Apa apa yang yang dinarasikan oleh film Budi Pekerti, memang relevan dengan konteks situasi masyarakat kekinian. Wregas berhasil menghadirkan hal-hal ganjil, yang biasa terjadi dalam kehidupan keluarga, di dalam keseharian masyarakat Indonesia.
Kala film ditafsirkan oleh penonton secara bebas, ada pesan penting yang bisa dicatat.

Pertama, di tengah situasi politik kebangsaan dan proses elektoral yang kini tengah berjalan, dengan menonton film di ruang gelap, di bioskop, publik diajak bisa merasakan dan mengalami sendiri masalah kehidupan tokoh-tokoh yang hadir di layar perak.

Kedua, ada sejumlah sistem dan metode belajar yang ditawarkan. Tinggal dipilih model pembelajaran apa yang dirasa pas.

Ketiga, bingkai, narasi tawa dan tragedi yang dihadirkan boleh jadi mencerminkan situasi faktual politik kekinian. Melalui tokoh utama, Bu Prani, publik diajak merumuskan bersama-sama apa itu Budi Pekerti.

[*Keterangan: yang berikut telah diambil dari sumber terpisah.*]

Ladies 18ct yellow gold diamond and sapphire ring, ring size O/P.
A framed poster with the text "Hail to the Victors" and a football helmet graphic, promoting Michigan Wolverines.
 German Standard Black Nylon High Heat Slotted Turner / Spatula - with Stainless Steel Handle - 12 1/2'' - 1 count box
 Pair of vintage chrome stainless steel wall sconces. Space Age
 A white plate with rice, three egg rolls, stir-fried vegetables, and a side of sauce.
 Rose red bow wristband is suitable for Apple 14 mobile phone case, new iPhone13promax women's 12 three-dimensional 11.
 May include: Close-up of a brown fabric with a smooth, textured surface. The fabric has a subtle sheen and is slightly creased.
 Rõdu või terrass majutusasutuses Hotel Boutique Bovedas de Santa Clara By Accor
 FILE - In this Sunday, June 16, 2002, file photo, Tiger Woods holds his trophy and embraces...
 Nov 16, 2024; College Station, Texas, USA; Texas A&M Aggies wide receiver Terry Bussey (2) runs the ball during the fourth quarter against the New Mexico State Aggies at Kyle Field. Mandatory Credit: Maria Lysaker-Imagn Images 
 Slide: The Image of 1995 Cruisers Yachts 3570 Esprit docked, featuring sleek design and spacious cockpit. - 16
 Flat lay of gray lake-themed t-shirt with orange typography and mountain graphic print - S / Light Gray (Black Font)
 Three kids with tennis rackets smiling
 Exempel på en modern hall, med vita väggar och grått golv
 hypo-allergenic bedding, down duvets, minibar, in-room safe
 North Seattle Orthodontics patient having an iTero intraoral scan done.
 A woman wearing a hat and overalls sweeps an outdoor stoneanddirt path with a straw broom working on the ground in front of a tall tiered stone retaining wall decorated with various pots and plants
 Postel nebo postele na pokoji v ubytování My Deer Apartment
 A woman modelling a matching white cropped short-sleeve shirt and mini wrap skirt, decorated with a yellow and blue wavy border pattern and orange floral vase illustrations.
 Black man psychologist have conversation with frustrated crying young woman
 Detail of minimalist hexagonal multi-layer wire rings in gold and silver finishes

Keempat, ada ‘bapak’ yang bermasalah, ada ‘anak’ nakal dan ‘ibu’ yang kuat dan bijak dalam bersikap. Tentu saja, ada tips singkat mengarungi problema kehidupan kebangsaan, ke-Indonesiaan, ada pilihan bebas mau terlibat, terhubung dengan hal-hal serba viral atau abaikan saja semuanya.

Kelima, setiap orang, setiap warga negara berhak hidup layak dan mendapatkan hak hak dasarnya, urusan papan atau rumah tinggal dan akses pendidikan, serta kesehatan.

Mohon maaf, kalau lima hal catatan di atas terlalu dipaksakan, tidak cocok dengan alam pikiran pembaca, penonton film Indonesia. Apalagi saat tidak cocok dengan judul tulisan ini. MERAWAT POLITIK DAGELAN KEKINIAN. Anggap saja itu cara saya menarik perhatian pembaca agar click bait tercapai. Hehehehe.

Ya, siapa tahu, tulisan ini bisa jadi bahan obrolan di meja makan bersama orang-orang tercinta, bersama keluarga kecil, teman dekat njenengan semua.

Terakhir, sebagai pengingat ada sosok Bu Prani sebagai tokoh utama dalam film Budi Pekerti yang mengingatkan publik pada sosok Bu Tejo yang mendadak viral di masanya saat tampil di film Tilik.